What do you think the future of fine art, and university fine art courses, will be like?
It’s very difficult to crystal ball gaze. But I think what has changed, and will further change, is the nature of that openness within Fine Art I mentioned. For example, how practices connect to the social environment, identities and also climate crisis etc., are clearly so important for the agenda. I feel within artists’ work out there in the world this is still being worked through. It has had, for all good intentions, mixed results so far: the worst examples might simply state the obvious or proselytise, while others can be surprising, inventive and so forth.

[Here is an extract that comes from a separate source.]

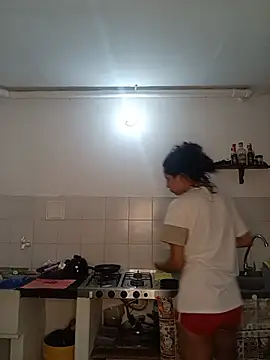 Snapshot of Karii-R chatting on 07-24-26, 03:32 Karii-R online show from 07-24-26, 03:32
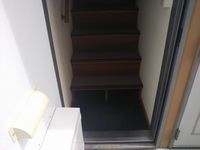 レオパレスリベイン 玄関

The other side of the coin is the burgeoning growth of the art world as a global commercial enterprise. This throws up a huge amount of artworks now literally every second as social media has democratised practices and their outlets to a greater degree. So students are already met with an increasingly dizzying array of online styles and quality, which makes it important that they can make decisions, qualitative and intellectually, about what they are receiving. How these issues will pan out it’s hard to say but each will have a role in shaping and informing the content of courses. But I do hope, within these changing conditions, the cultural openness of Fine Art can be fostered in new ways.
What’s the most interesting thing you get to do in your role?
To engage with other people’s research. Whether this is student’s ongoing PhD research/practice, or working with other research groups (such as the French Reseau Peinture group with whom I have collaborated on several occasions).
How does any work you do outside the university tie in with your work at ARU?
I would say it all does. Ultimately I am dealing with the same basic problems as my research students: It is practice-based research, with its associated questions around how to proceed, what dimension to explore, where is it going, what are the findings, etc.? I’m interested, as most practitioners are, in the instinctive relationship to forming materials: the hunches, failures, detours; whether this is drafting an article, making a painting, a piece of music, a video, or whatever. Having experience in this arena can help others struggling with the same issues, particularly within the somewhat formalized conventions of the PhD.
Tell us one thing about Cambridge that other people might not know...
Well I’m afraid I have no top secret tips here. But I think, although world famous, the huge scope of the University collections in Cambridge should be taken advantage of, and hold some surprising things. One example might be, from my personal experience, the discovery of a set of ritual masks from the Temple of Artemis in Sparta (excavated in 1911) that are in the Museum of Classical Archaeology. They hadn’t been shown for years (some are now currently on display – but I had the luck to be shown the whole collection then in storage). These masks and also earlier pottery fragments are thought to be part of a sacrificial ritual that was undertaken at the temple, later encouraging the Romans to build an amphitheatre to view.
The strange historical narratives surrounding these objects are just one example of the often astonishing exhibits within the Cambridge collections, not just Kettle’s Yard or the Fitzwilliam, that are really important to check out. Not to mention the University of Cambridge Library’s collections of rare books and illuminated manuscripts, which is also a must: some extraordinary images can be seen there.